# exo terra vs herp nursery II



## trapieter (Jan 29, 2007)

ok I know I there is probably a thread for this already lol but I can't find it so apologies if you have answered a similar post :blush:

I have decided to upgrade from the hovabator incubator as the temps in this house fluctuate so badly in summer I'm forever having to adjust the temps and lose eggs .. I'm convinced the only reason the last batch came out was because it was winter (still not sure what that was about lol) and the temps were more stable.

so I was looking at the r-com juragon rx but the only review I have found was pants so now I'm looking at the lucky reptile herp nursery II or the exo terra incubator. 
both of these look similar except the extra shelf... which I'm wondering if I need?? I'm only breeding leos and chucks so not huge batches but ofcourse I'm most concerned with reliability. I will always have my own digi therm in there so don't mind the outside temp being a little out.. I just want the best for holding the temp you set.
any people had experience with the exo terra or should I just go with my gut and get the well tested herp nursery II which is also cheaper :hmm:
:help:lol and thanks in advance :2thumb:


----------



## trapieter (Jan 29, 2007)

Bump
Anyone??


----------



## neep_neep (Oct 18, 2007)

Due to personal experience I wouldn't recommend the Herp Nursery II. I have had two in the past 3 years (each one was only used for one season each) and both have failed.

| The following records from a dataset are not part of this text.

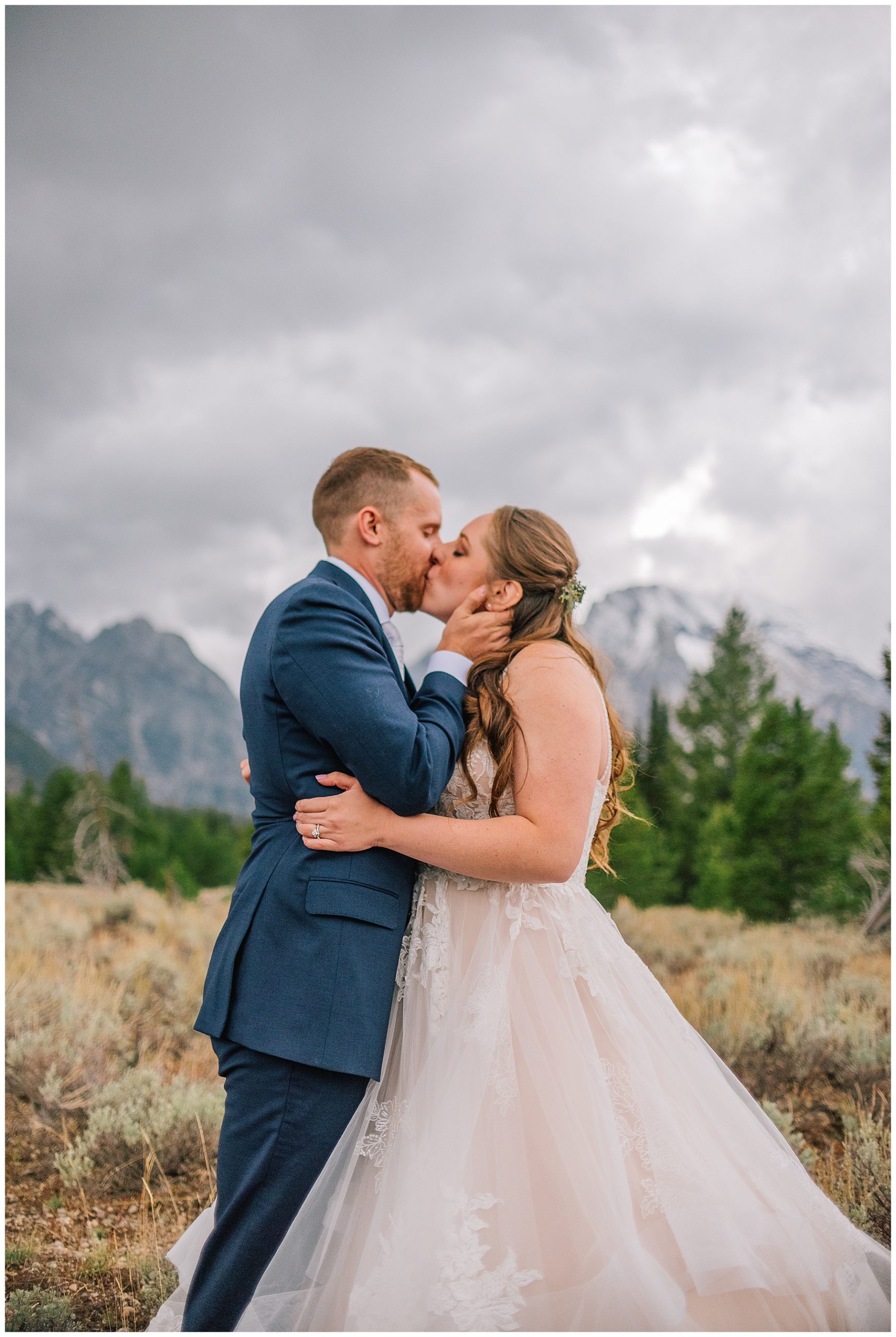 national park wedding with bride and groom kissing and holding each other in front of a mountain range on a cloudy day
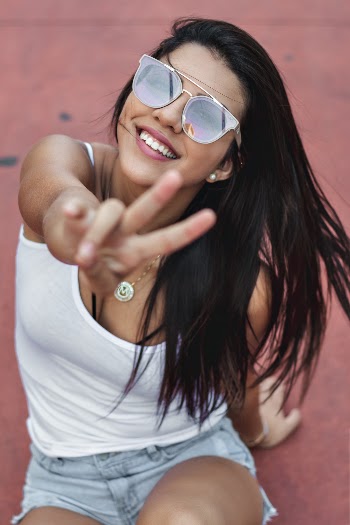 Woman Smiling and Peace Sign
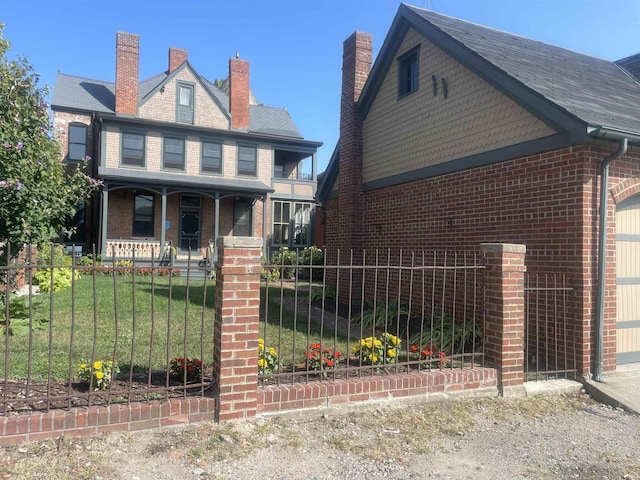 721 W Wayne St, Fort Wayne, IN 46802 - view of front of property with covered porch, a fenced front yard, brick siding, and a chimney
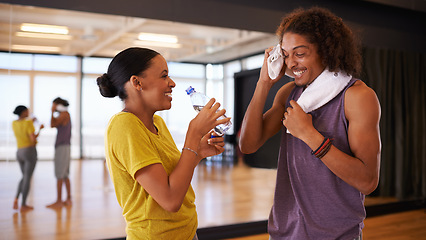 Image showing People, drinking water and break in dance studio, smile and relax from practice or learning routine. Partners, happy and laugh for humor in training, hydration and nutrition for exercise or workout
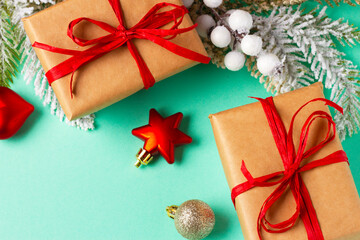Christmas composition with decorations and ornaments on a mint background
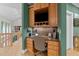 Home office with built-in shelves, granite countertops, and ample storage space at 12504 Bayleaf Church Rd, Raleigh, NC 27614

The first I was using to hibernate lizards - the cooling element failed without warning (or indeed any alarm). Just as well I was checking on them regularly! :gasp:

This was replaced without fuss (full credit to Cornish Crispa :2thumb - I then used it to incubate eggs and it was generally fine (although there was a temperature spike midway through and I haven't a clue what caused it?). It has since been sat in storage for a couple of years - I tried to turn it on a couple of weeks ago, it switched on briefly then conked out almost immediately. All I can hear is a ticking sound where the fan is... so I have gone back to the trusty polystyrene box with heat mat and stat!


----------



## PAB (Aug 4, 2010)

Arnt they both the same ecept price and name. Also the reviews dont give you too much confidence. The Herp11 even has a dicliamer in that its entry level. The Jurgon R-Com looks the buisness and some great write ups but the price:devil:


----------



## trapieter (Jan 29, 2007)

Yea I read that " entry level" statement yesterday.. So far I'm not inspired to buy any!! If I had good reviews on the jargon I'd probably get it ... But yes it is more expensive which would make it worse if it was pants! Think I need more input before I decide.


----------